This page uses content from Wikipedia. The current wikipedia article is at Birthday Problem. The original RosettaCode article was extracted from the wikipedia article № 296054030 of 21:44, 12 June 2009 . The list of authors can be seen in the page history. As with Rosetta Code, the pre 5 June 2009 text of Wikipedia is available under the GNU FDL. (See links for details on variance)

Birthday problem is a draft programming task. It is not yet considered ready to be promoted as a complete task, for reasons that should be found in its talk page.

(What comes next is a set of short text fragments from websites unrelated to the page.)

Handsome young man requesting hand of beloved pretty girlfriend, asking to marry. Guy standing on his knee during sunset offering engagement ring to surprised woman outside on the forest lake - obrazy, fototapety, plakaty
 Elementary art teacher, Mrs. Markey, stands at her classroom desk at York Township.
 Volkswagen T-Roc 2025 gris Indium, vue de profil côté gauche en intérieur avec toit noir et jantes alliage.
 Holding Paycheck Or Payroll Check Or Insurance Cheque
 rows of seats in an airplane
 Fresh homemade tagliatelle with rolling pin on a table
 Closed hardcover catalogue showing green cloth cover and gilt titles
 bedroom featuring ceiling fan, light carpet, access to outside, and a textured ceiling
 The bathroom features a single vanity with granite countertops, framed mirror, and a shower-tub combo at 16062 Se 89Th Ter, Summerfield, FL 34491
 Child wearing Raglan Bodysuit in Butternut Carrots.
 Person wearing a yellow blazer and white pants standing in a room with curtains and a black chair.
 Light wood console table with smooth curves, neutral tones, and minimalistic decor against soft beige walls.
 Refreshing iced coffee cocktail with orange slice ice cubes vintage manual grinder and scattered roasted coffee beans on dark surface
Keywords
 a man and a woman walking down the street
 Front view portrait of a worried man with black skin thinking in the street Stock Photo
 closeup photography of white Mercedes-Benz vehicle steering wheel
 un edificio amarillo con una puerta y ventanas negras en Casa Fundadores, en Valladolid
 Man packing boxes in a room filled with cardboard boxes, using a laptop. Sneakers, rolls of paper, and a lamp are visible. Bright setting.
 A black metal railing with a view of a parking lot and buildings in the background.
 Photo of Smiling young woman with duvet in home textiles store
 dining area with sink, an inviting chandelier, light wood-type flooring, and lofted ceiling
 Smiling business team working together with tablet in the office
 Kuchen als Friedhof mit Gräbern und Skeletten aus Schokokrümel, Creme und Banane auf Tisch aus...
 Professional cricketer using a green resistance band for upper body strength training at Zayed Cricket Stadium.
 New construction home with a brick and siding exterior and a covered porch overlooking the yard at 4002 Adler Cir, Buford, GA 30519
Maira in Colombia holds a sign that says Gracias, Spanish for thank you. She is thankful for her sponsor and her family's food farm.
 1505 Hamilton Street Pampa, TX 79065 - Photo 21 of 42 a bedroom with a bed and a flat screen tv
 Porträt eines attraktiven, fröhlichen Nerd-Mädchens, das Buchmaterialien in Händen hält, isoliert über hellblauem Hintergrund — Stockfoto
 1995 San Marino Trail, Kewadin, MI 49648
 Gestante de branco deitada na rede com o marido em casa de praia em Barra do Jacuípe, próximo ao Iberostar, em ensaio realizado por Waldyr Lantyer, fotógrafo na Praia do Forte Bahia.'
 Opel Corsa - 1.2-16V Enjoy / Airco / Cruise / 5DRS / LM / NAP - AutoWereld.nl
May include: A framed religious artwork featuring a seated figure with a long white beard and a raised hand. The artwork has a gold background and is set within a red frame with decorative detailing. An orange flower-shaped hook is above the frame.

In probability theory, the birthday problem, or birthday paradox This is not a paradox in the sense of leading to a logical contradiction, but is called a paradox because the mathematical truth contradicts naïve intuition: most people estimate that the chance is much lower than 50%. pertains to the probability that in a set of randomly chosen people some pair of them will have the same birthday. In a group of at least 23 randomly chosen people, there is more than 50% probability that some pair of them will both have been born on the same day. For 57 or more people, the probability is more than 99%, and it reaches 100% when the number of people reaches 366 (by the pigeon hole principle, ignoring leap years). The mathematics behind this problem leads to a well-known cryptographic attack called the birthday attack.

Task

Using simulation, estimate the number of independent people required in a groups before we can expect a better than even chance that at least 2 independent people in a group share a common birthday. Furthermore: Simulate and thus estimate when we can expect a better than even chance that at least 3, 4 & 5 independent people of the group share a common birthday. For simplicity assume that all of the people are alive...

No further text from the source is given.